New Trends In Big Data & AI - Highlights from 2018 Spark + AI conference
Contributed By - Hari Gottipati
More than 4000 people attended 2018 the Spark +AI summit organized by Databricks in Moscone Center, San Fransisco from June 4th to June 6th. Though it is focused on Spark, there are a lot of topics that covered entire Big Data and AI eco-system. Close to 200 sessions covered by 225 speakers on various topics across 11 different tracks. The speakers are from various big companies (Google, Facebook, Apple, Microsoft, eBay, LinkedIn, Overstock, Tesla, Uber etc.) and many startups.
Separate compute from storage for cost efficiency
While Hadoop promotes keeping compute and storage together, the rise of AI and ML workloads, which are unpredictable in nature, are driving the separation to drive cost efficiency. Predictable workloads require permanent compute, but it’s a waste for unpredictable workloads as these are more on-demand based and only requires computing power once in a while. If you separate compute from storage, you can spin off compute nodes as needed as opposed to keeping it available all the time.

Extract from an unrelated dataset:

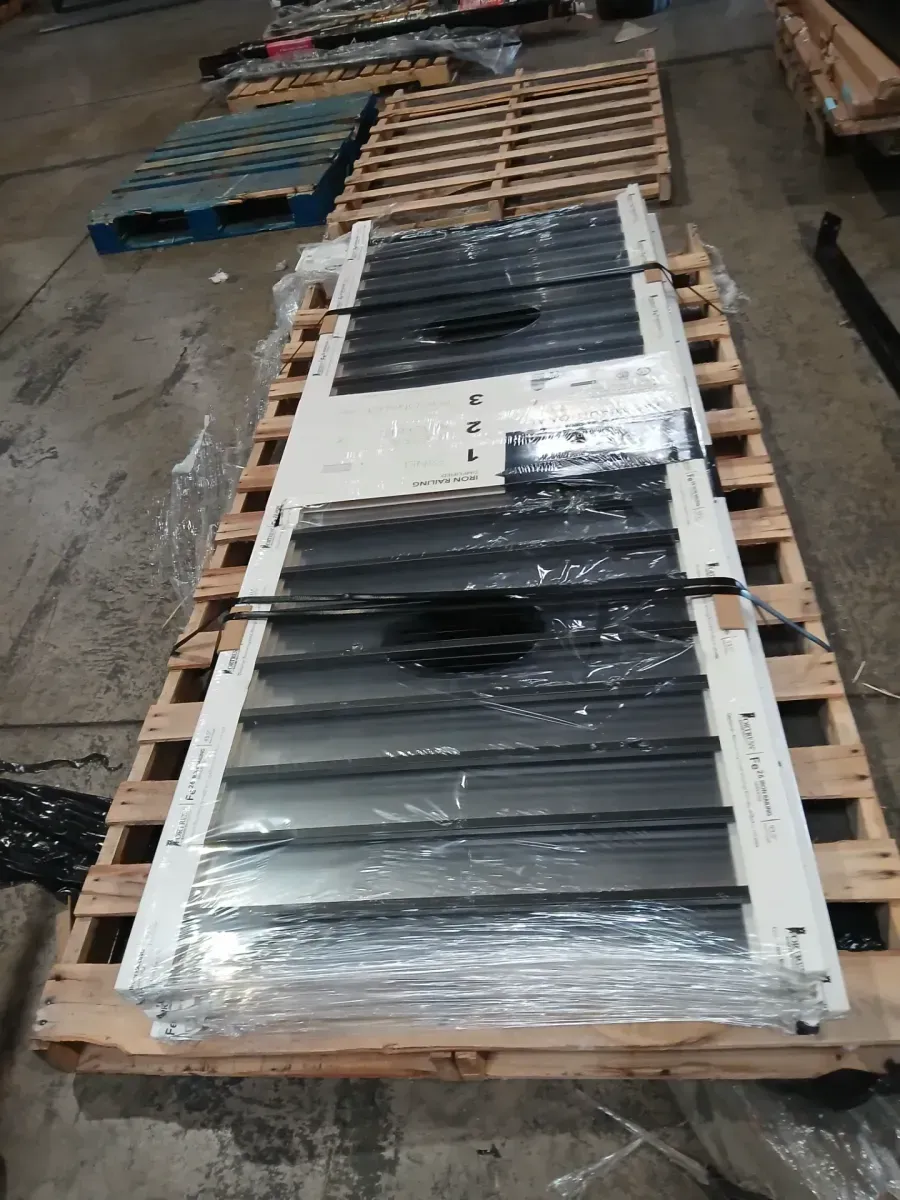 *** Pack of 6 *** Fe26 34 in. H x 8 ft. W Black Steel Rail Panel - image 2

Also, Spark doesn’t get much advantage when the data and compute are together as there is less disk I/O. Map Reduce can definitely take advantage of this as it writes intermediate data to the disk. The rise of Spark is also causing the shift to move towards the separation of compute and storage.
Solving Analytics performance challenges
Lots of data is captured in the data lake, but we all know that data is not ready for analytics without an acceleration engine in between. Some of the SQL optimization engines (Impala, Drill, etc.) can enhance the performance, but not ready for real-time analytics. Databricks announced Delta to address the performance issues that we have facing right now. It is going to sit on top of your data lake and leveraging indexing & caching it is going to be 10-100X faster.
Productionize ML workloads
Every developer wants to use the best ML library out there to improve the models. 2% accuracy improvement could save millions of dollars for your companies. However, the problem is, there are myriad of frameworks and I am sure there is one release every month. In Ml, you usually want to play with every available algorithm to check the accuracy improvement. Thus you need to use a lot of libraries in the production environment. To address this, we need a framework/runtime environment that integrates and optimizes the popular ML libraries out of there. This acts like an out-of-the-box environment to deploy your ML models.
Another challenge is with ML life cycle. It is manual, cumbersome, inconsistent and disconnected. Often data prep is taken care of by data engineers (IT), model development is taken care of by data scientists (IT or LOB) and deployment is taken care of by IT team. Data scientists build models and iterate through different variations before moving into production and often the final model will be re-implemented by IT team to move into production. Also, in ML, it is difficult to track which parameters, code, and data went into each iteration to produce a model. Without tracking, it is very hard to make the code work again. To address all these concerns, Databricks announced an open source project called MLflow.
MLflow
MLflow is an open source platform for the machine learning lifecycle. It works with any ML library, language and you can even use this for your existing code. Currently, it has 3 components:
MLflow Tracking - log and query experiments (code, data, config, results) using Python or REST.
MLflow Projects - packaging format for ML code in a reusable and reproducible way to run on any platform.
MLflow Models - the standard format for sending models to diverse deploy tools.
Run Spark workloads natively on Kubernates cluster
The latest version of Spark (2.3) has a lot of features and one of the notable features is Kubernates support. Two popular open source projects Apache Spark and Apache Kubernates combine their functionality to launch Spark workloads natively on a Kubernetes cluster leveraging the Kubernetes scheduler backend.
Traditionally, big data processing workloads have been run in YARN/Hadoop stack. However, unifying the control plane on Kubernates simplifies cluster management and allows to leverage extensibility features in Kubernetes, such as custom resources and custom controllers.
When you submit a Spark application to a Kubernetes cluster, Spark creates a Spark driver within a Kuberbetes pod. Spark driver creates Spark executor pods within Kubernete pods and executors execute application code. When the application complete, the executor pods terminate and are cleaned up. However, the driver pod remains in “completed” status until it is garbage-collected or manually cleaned up. This model is very suitable for unpredicted workloads where you create the resources on demand and release the resources once you complete the processing.
Stream processing enhancements in Spark
Continuous Processing - a new mode, Continuous mode is introduced in Spark 2.3 to execute streaming queries with millisecond low-latency by changing only a single line of user code.
Stream-Stream Joins - structured streaming in Spark 2.0 supported joins between a streaming DataFrame/Dataset and a static one, but 2.3 introduces stream-to-stream joins. It allows joining two streams of data, buffering messages until you arrive at a matching condition between two streams. For example, ad ad-clicks stream and an impression stream share a common id and you would like to run streaming analytics, such as, which impression led to a click.